The number of conventional loans declined about 3 percent to 1,711, while the number of “microloans” through nonprofit community lenders increased slightly to 179 during the year ended Sept. 30.
In Minnesota, one of the Big 10 states of SBA lenders, the SBA guaranteed 1,890 loans compared with 1,946 in 2018. The higher dollar volume owes to more so-called SBA-504 loans; long-term, fixed-interest financing for commercial buildings and equipment that rose by 17 percent to $188 million, as the value of assets also increased in a good economy.
“One of our top goals in Minnesota… is to get more capital into the hands of entrepreneurs to assist with their growth and expansion,” Minnesota SBA District Director Nancy Libersky said. “In support of SBA’s partnership with the [U.S. Department of Agriculture], we made a concerted effort to get capital to small businesses in the state’s rural areas as well.”
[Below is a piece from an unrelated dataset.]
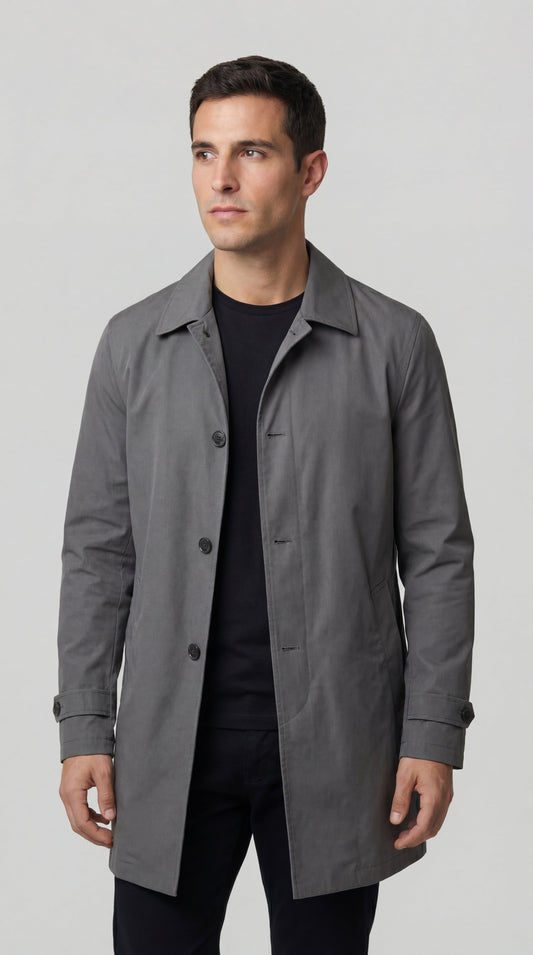 Adrian | Abrigo imperméable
Libersky is retiring this year after 10 years running the Minnesota district and 30 years with SBA.
The SBA continues to grow its participation with several nonprofit microloan financiers who make small loans to emerging concerns, often owned by women and minorities.
Libersky has said SBA loans perform at least as well as conventional loans because lenders and the SBA scrutinize borrowers.
The SBA guarantee usually allows a banker to offer a longer term and lower rate.